▸ **THE TASK**: Begin at the top of the entries below and write out every line through the one containing "That brings us", excluding pictures.

[Dataset entries]
--- START ---

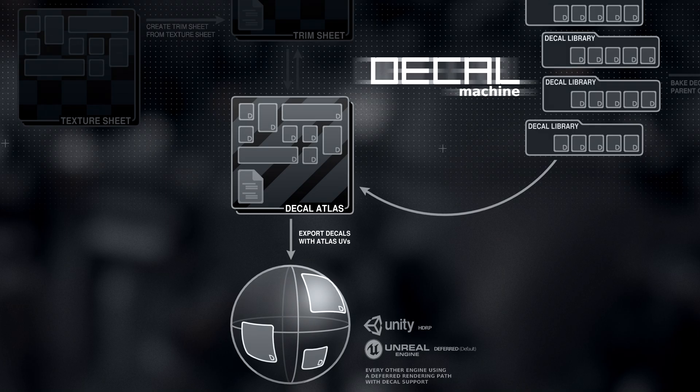In a deferred renderer and using a decal shader, the decals sharing a single material and a single set of textures can now perfectly blend in and mimic surface detail.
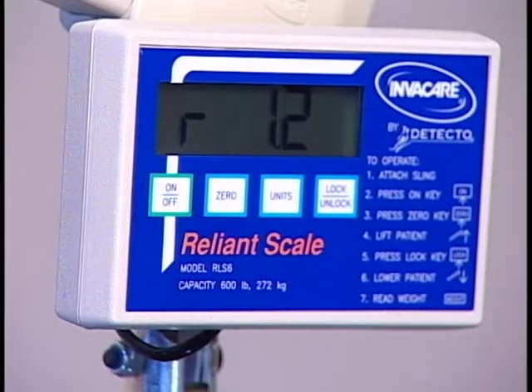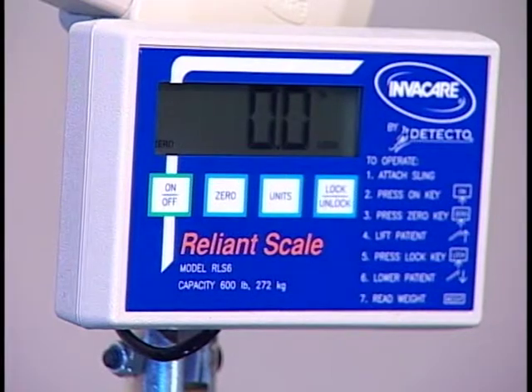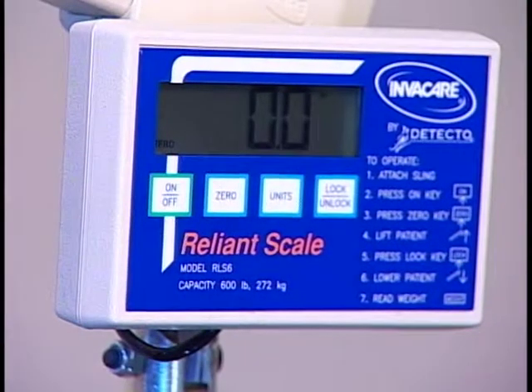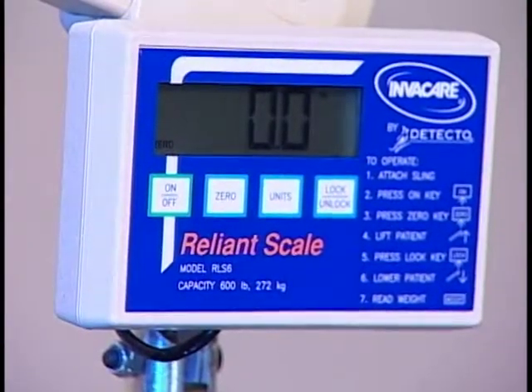Then press the ON-OFF key. This turns the scale on. Press the ZERO key. The word ZERO will appear in the display window. The scale is now reset and ready for use.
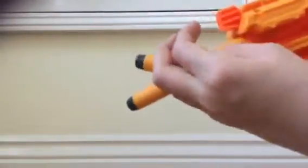I'm just gonna take out the bullets somehow. So now I have my bullets here. Okay, so now let's load them in.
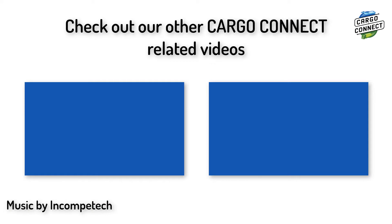That brings us to the end of the video. Make sure to check out our other Cargo Connect related videos and subscribe for more to come. Also, check out ev3lessons.com, primelessons.org, and flltutorials.com for programming and FIRST LEGO League related resources.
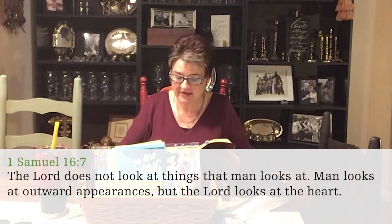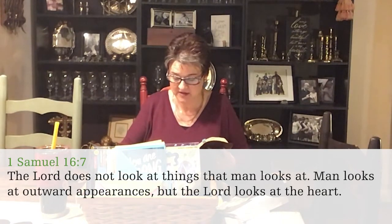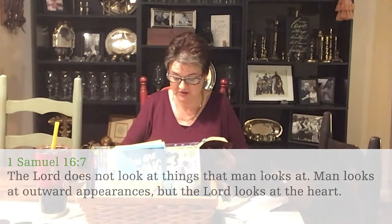It says so in the Old Testament, at the beginning of your Bible. In 1 Samuel chapter 16 verse 7, it says: the Lord does not look at things that man looks at. Man looks at outward appearances, but the Lord looks at the heart. So in other words, you can't fool God. There's no counterfeiting your love for God.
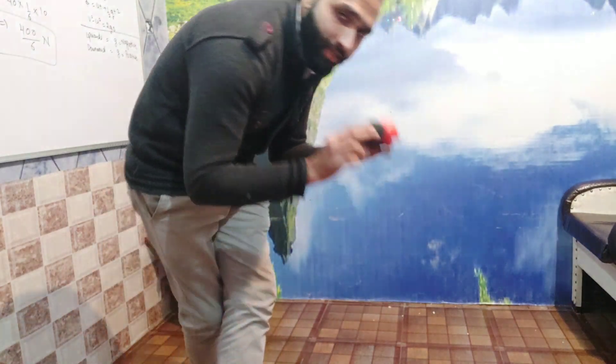If we drop these two balls from the same height, then we have to see if these two balls touch the ground at the same time. So now I will drop these two balls from the same height.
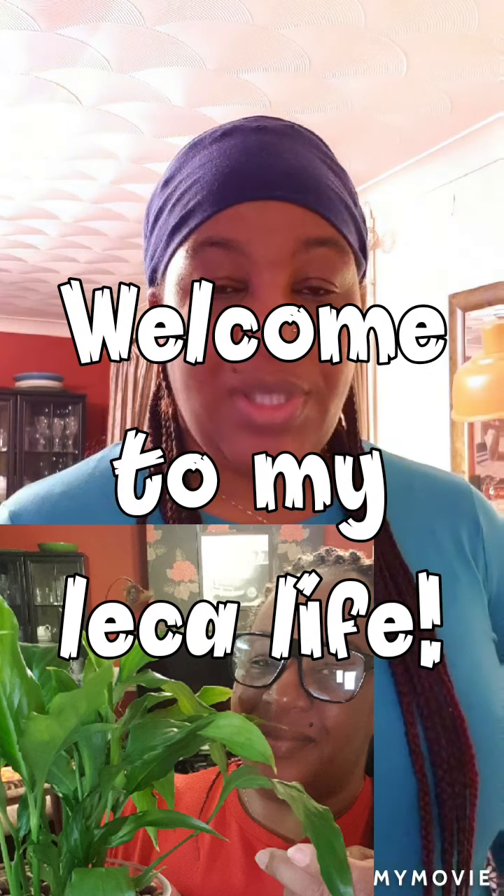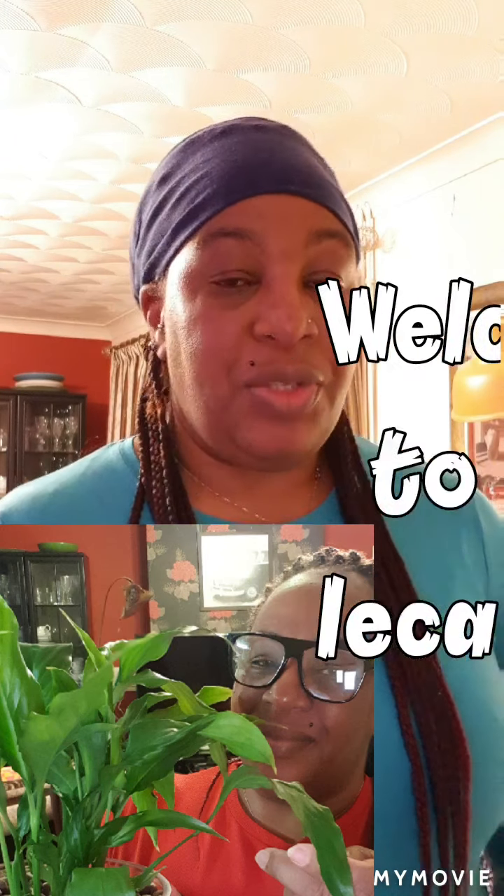Good afternoon and welcome once again to my channel. I'm just doing a brief update to give you some feedback regarding my peace lily. This is one of the first plants that I transferred to LECA. It is a host plant that I've owned for a while before I did that transfer.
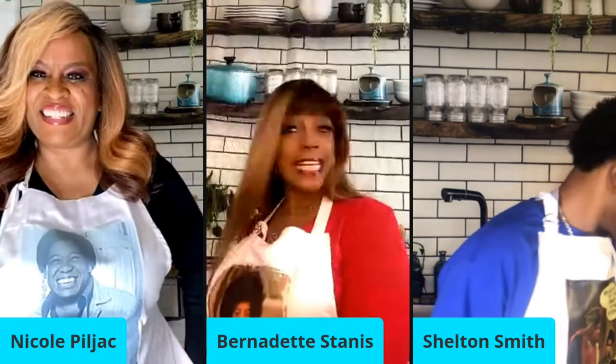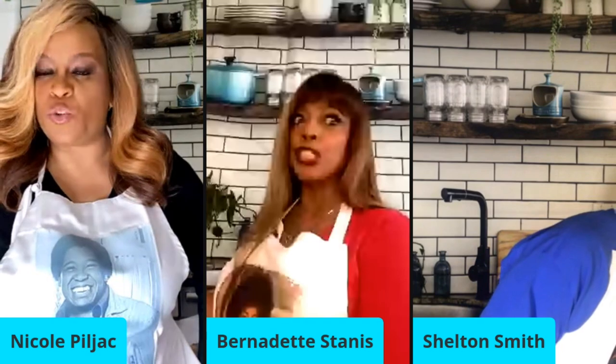For the dynamite burger, you take ground beef — or you could do turkey — about a pound. Then you put in a half teaspoon of garlic, a half teaspoon of onion powder, chopped jalapeño pepper — dynamite! Then a half teaspoon of steak seasoning, and of course a teaspoon of Worcestershire sauce.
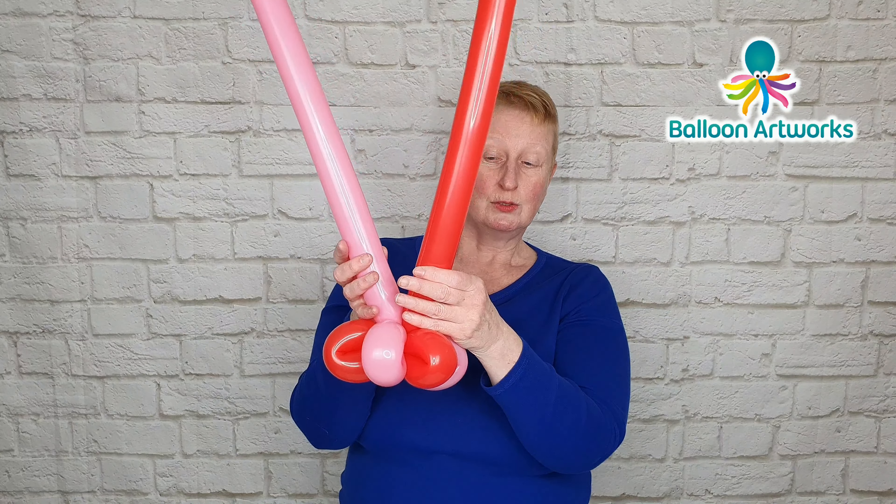Inflate one of your twisting balloons to a tail of just about two fingers, then let just a little bit of air out to soften it. Tie and inflate your second balloon the same way, then measure these two balloons alongside one another.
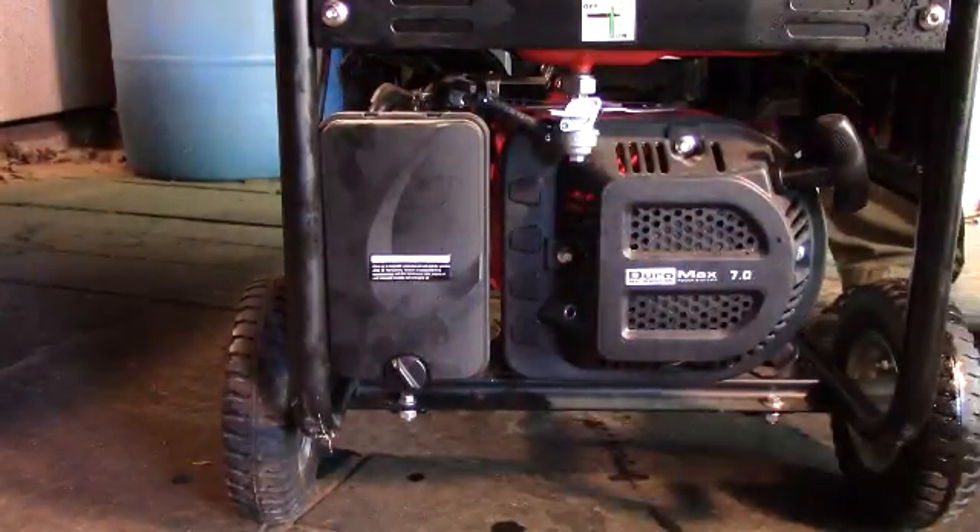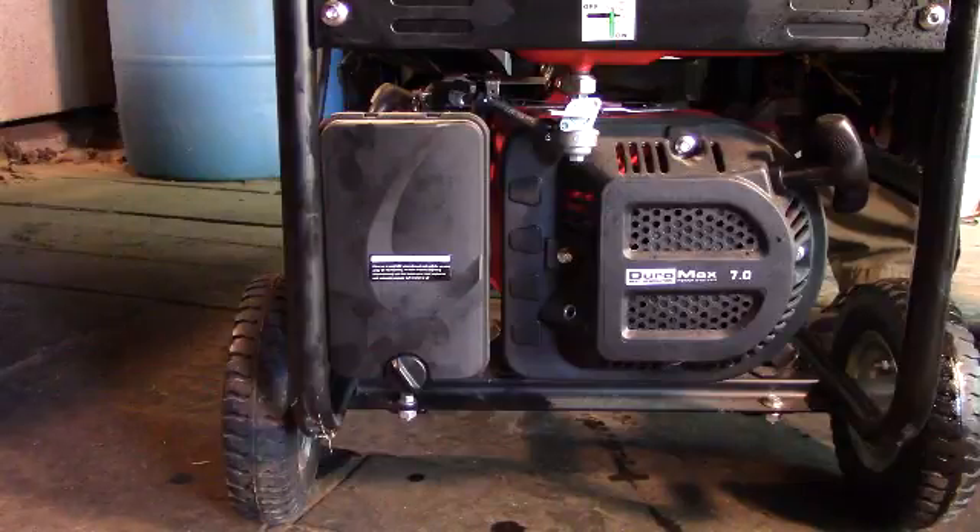Normally, you would want to take the spark plug out, clean it well, and gauge it. I probably haven't put a total of two hours on this generator since I've checked it, so I'm not going to take it out at this time — but normally, you would want to also do that.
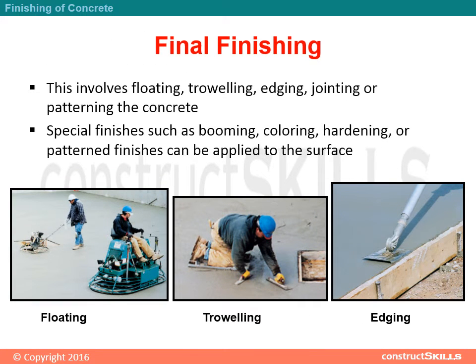Final finishing involves floating, troweling, edging, jointing or patterning the concrete. Special finishes such as brooming, colouring, hardening, or patterned finishes can be applied to the surface.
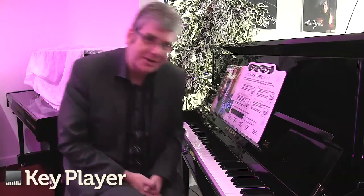But you've also got the choice of extra sounds. There are actually 19 different sounds on this trans-acoustic piano. Let's try one or two different sounds.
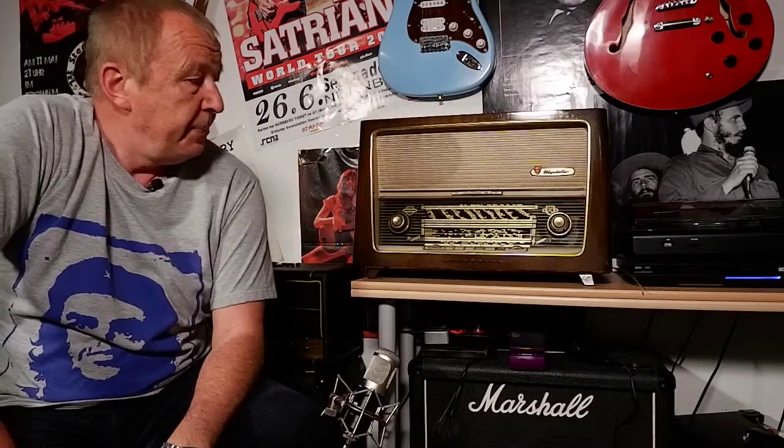Hello everybody, welcome back to a new special tutorial. Today I want to show you how to play an electric guitar over an old tube radio. I got this radio in 1969 or 1970 — I remember well, it was just before we won the European Championship in 1972. At that time, it was fashionable to buy new transistor radios, so people threw away the old ones. This radio was made in 1952 and still works.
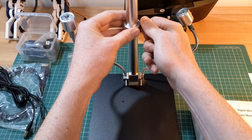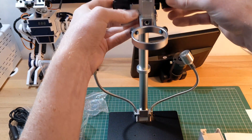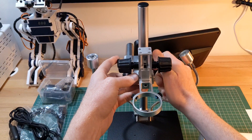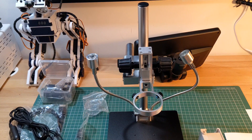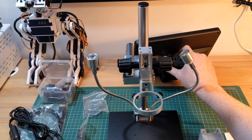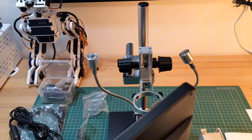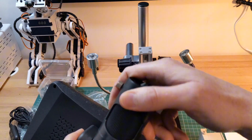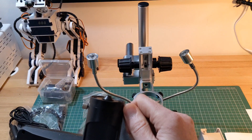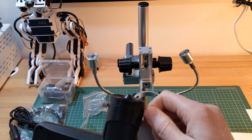There is a safety ring on the arm to prevent the microscope dropping during adjustment. And then above that you can attach the mounting arm. Once the mounting arm is attached we need to unscrew the lens from the microscope, then slide the scope into the mounting arm and secure it with the included screws.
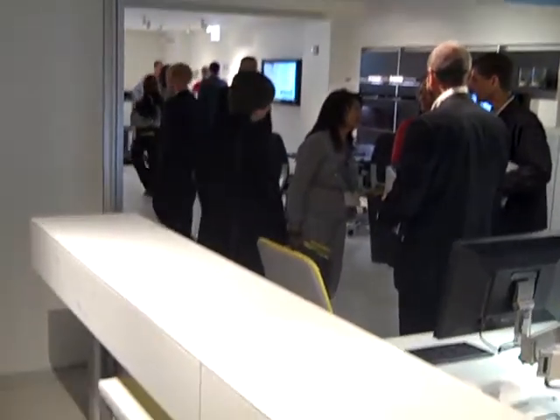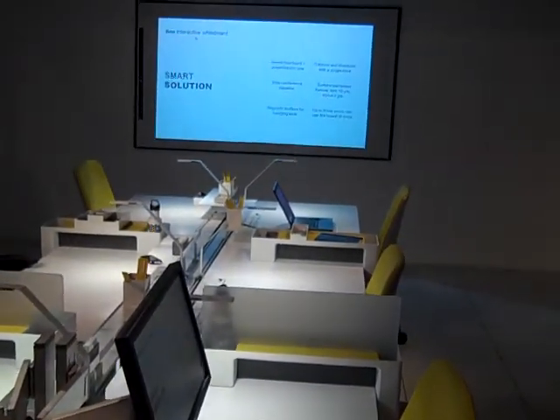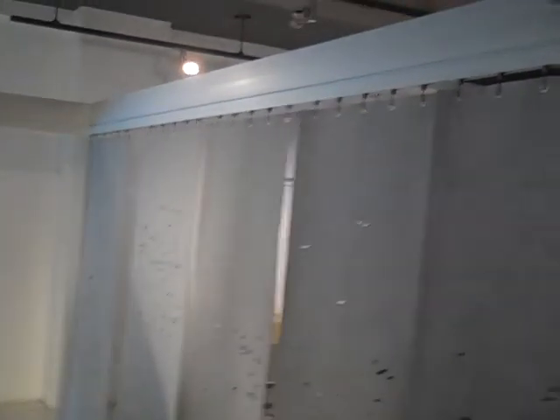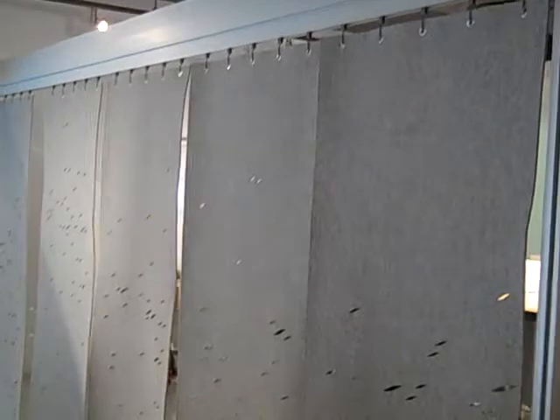This is Steelcase. They've got a collaborative workspace here, framed off with this brushed aluminum, and then a divider over on this side.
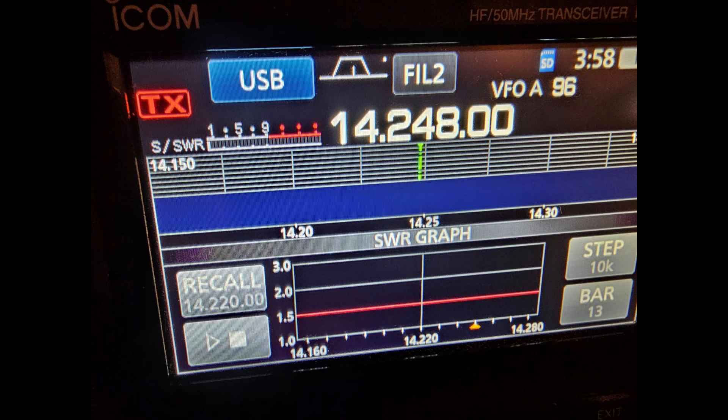Hi guys, this is Rich WB5YBZ. I had an NFED antenna years ago and I thought, well, I'm going to just try to string one up by the gutters. But it was flat as a nail on the 20-meter band — I couldn't believe it.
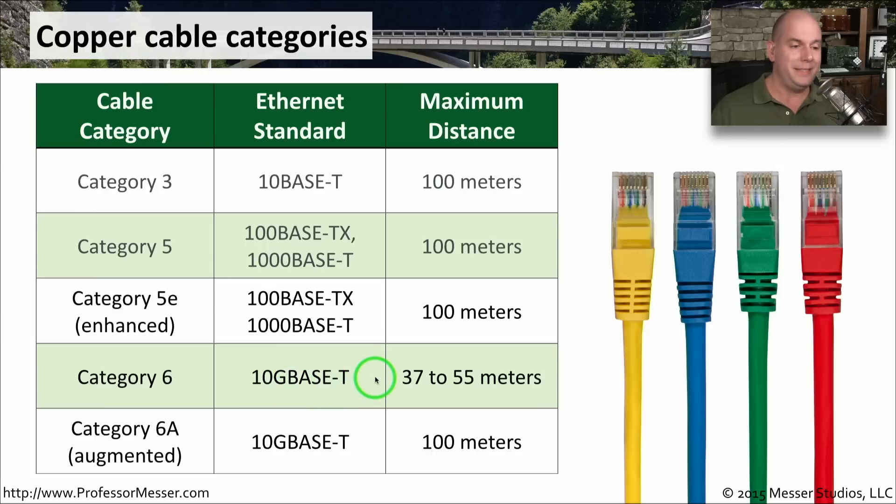Category 6 supports 10 gig connections and below, but only at distances of 37 to 55 meters. If you need the full 100 meters commonly seen with Ethernet standards, you'll need Category 6A — the A stands for Augmented — which supports 10 gig capability all the way out to 100 meters.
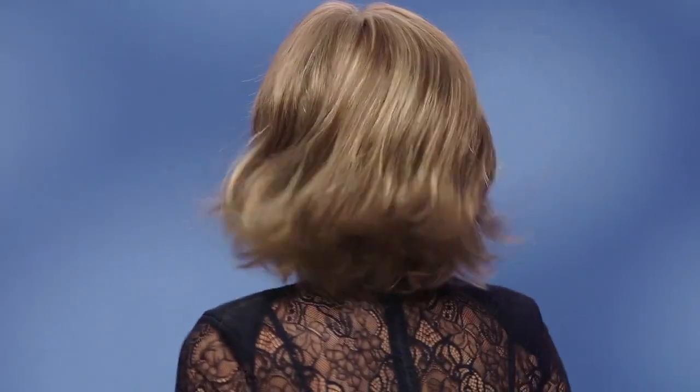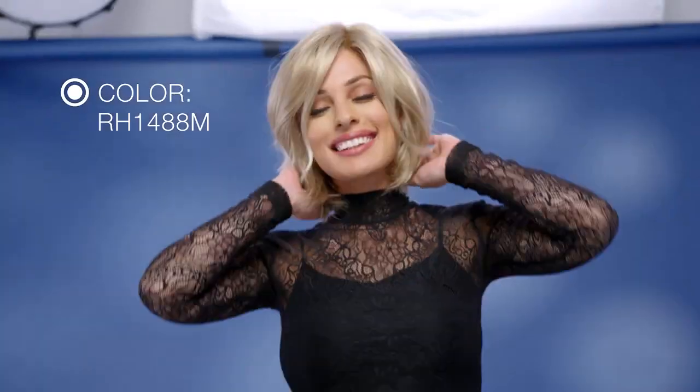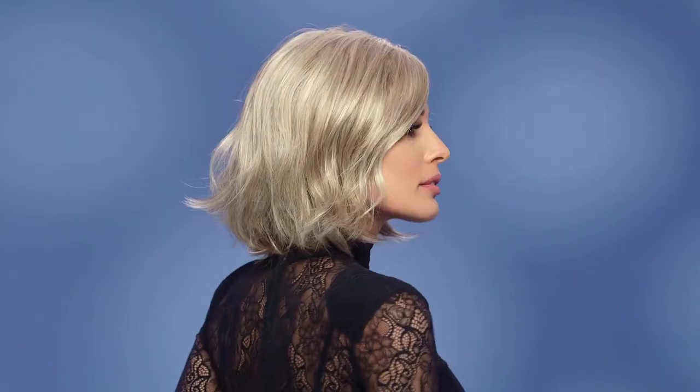I'm wearing mine in color R826H, golden brown with golden blonde highlights. This is color RH1488M, dark blonde with lightest blonde highlights.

--- END ---

▸ **SOLUTION FOR THIS PROBLEM**:
In a deferred renderer and using a decal shader, the decals sharing a single material and a single set of textures can now perfectly blend in and mimic surface detail.
Then press the ON-OFF key. This turns the scale on. Press the ZERO key. The word ZERO will appear in the display window. The scale is now reset and ready for use.
I'm just gonna take out the bullets somehow. So now I have my bullets here. Okay, so now let's load them in.
That brings us to the end of the video. Make sure to check out our other Cargo Connect related videos and subscribe for more to come. Also, check out ev3lessons.com, primelessons.org, and flltutorials.com for programming and FIRST LEGO League related resources.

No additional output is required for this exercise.